As We Lay Down On The Grass Of The Campagna, Next Day, On Our Way
To Florence, Hearing The Larks Sing, We Saw That A Little Wooden
Cross Had Been Erected On The Spot Where The Poor Pilgrim Countess
Was Murdered.
So, we piled some loose stones about it, as the
beginning of a mound to her memory, and wondered if we should ever
rest there again, and look back at Rome.
CHAPTER XI--A RAPID DIORAMA
We are bound for Naples! And we cross the threshold of the Eternal
City at yonder gate, the Gate of San Giovanni Laterano, where the
two last objects that attract the notice of a departing visitor,
and the two first objects that attract the notice of an arriving
one, are a proud church and a decaying ruin--good emblems of Rome.
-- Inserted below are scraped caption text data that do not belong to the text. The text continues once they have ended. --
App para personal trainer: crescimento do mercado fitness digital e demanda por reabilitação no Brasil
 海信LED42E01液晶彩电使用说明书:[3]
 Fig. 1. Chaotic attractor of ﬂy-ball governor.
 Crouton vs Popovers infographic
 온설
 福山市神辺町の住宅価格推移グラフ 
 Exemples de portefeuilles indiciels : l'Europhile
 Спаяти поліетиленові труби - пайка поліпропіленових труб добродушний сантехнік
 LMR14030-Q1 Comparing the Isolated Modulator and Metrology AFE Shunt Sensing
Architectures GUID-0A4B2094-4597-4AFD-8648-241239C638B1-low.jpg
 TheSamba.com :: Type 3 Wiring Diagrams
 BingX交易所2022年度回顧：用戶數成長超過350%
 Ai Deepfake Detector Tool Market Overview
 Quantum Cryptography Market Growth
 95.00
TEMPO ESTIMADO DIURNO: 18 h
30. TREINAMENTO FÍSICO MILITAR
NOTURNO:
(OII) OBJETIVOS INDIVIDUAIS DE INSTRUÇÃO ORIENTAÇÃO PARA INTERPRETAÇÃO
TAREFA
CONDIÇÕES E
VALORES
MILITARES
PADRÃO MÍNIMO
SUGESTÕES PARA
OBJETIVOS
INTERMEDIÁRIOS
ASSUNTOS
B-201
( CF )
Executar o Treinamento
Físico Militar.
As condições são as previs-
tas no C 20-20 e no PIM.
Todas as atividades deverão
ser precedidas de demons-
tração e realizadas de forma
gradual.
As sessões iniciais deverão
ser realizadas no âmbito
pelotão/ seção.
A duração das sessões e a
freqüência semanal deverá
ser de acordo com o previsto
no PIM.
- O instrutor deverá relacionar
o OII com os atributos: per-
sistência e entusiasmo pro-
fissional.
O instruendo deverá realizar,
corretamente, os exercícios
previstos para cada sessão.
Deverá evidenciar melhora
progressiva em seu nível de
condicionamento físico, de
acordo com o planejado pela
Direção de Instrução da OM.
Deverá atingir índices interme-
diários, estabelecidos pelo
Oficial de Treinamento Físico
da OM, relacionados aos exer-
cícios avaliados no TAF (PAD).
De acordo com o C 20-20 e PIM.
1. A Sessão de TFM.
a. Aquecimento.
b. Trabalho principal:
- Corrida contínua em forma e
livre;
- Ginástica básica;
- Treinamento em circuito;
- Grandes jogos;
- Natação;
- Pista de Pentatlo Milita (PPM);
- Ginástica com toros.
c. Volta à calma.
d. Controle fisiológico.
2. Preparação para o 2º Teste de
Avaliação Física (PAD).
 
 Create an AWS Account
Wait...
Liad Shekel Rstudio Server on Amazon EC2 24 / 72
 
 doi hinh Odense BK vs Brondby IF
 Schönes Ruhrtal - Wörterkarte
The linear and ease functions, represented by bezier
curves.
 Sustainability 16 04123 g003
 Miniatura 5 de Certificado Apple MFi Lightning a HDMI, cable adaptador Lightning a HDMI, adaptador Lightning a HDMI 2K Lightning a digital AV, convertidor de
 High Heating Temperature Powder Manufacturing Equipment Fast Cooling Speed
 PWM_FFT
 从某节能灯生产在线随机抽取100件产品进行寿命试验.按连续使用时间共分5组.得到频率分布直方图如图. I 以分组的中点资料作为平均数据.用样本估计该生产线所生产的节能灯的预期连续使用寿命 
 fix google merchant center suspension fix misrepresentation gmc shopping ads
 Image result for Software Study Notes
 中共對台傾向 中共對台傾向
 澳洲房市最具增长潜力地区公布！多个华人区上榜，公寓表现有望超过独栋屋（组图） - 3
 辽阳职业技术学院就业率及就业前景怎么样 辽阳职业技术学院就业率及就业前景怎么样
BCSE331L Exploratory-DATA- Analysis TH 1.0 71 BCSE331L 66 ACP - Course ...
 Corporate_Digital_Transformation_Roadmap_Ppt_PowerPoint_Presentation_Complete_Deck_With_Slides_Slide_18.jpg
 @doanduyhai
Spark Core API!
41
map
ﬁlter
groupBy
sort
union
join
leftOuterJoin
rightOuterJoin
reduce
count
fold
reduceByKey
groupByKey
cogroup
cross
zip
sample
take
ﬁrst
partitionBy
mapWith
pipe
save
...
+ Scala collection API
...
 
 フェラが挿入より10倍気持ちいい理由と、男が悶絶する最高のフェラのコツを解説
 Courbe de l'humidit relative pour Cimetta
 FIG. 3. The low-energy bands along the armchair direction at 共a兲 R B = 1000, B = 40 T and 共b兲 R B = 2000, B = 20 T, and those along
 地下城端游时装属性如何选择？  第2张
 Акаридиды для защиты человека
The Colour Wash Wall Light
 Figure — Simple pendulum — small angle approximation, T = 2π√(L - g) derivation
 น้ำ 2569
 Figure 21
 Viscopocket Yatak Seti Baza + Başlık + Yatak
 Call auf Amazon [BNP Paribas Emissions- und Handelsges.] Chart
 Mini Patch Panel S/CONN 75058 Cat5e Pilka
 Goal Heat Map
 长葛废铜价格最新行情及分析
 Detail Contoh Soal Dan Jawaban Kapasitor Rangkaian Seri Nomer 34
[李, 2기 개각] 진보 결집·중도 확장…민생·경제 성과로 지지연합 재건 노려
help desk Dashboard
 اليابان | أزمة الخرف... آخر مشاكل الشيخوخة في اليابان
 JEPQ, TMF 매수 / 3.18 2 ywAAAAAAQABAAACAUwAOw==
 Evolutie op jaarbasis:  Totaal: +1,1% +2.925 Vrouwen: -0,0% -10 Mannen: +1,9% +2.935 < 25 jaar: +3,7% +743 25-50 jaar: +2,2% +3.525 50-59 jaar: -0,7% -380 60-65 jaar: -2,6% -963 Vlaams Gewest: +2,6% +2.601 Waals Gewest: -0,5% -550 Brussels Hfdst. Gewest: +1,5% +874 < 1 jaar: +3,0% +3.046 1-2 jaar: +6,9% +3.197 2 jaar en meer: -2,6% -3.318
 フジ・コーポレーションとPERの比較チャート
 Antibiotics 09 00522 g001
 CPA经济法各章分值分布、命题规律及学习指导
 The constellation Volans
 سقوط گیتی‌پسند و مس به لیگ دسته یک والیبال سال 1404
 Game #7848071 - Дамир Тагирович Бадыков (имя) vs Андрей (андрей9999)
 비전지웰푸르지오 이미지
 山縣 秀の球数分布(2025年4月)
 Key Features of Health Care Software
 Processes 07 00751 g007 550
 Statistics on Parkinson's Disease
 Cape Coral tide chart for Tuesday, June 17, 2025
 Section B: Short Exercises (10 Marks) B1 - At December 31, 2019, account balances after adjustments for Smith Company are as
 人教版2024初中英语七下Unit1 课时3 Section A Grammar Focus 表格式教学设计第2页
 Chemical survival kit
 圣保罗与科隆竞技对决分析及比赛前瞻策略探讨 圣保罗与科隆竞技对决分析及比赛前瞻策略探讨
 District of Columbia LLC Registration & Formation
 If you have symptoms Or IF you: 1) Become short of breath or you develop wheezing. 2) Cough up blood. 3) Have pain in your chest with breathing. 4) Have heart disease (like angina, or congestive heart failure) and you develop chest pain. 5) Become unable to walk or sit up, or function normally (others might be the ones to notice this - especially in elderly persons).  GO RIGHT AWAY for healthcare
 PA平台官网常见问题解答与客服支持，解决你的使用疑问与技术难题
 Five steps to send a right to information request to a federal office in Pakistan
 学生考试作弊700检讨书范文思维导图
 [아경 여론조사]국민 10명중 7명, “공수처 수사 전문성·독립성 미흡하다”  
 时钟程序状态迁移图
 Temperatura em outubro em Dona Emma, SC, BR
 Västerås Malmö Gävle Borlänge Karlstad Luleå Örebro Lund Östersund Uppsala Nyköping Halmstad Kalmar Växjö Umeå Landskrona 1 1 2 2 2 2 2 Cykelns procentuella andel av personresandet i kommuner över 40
Our way lies over the Campagna, which looks more solemn on a bright
blue day like this, than beneath a darker sky; the great extent of
ruin being plainer to the eye: and the sunshine through the arches
of the broken aqueducts, showing other broken arches shining
through them in the melancholy distance. When we have traversed
it, and look back from Albano, its dark, undulating surface lies
below us like a stagnant lake, or like a broad, dull Lethe flowing
round the walls of Rome, and separating it from all the world! How
often have the Legions, in triumphant march, gone glittering across
that purple waste, so silent and unpeopled now!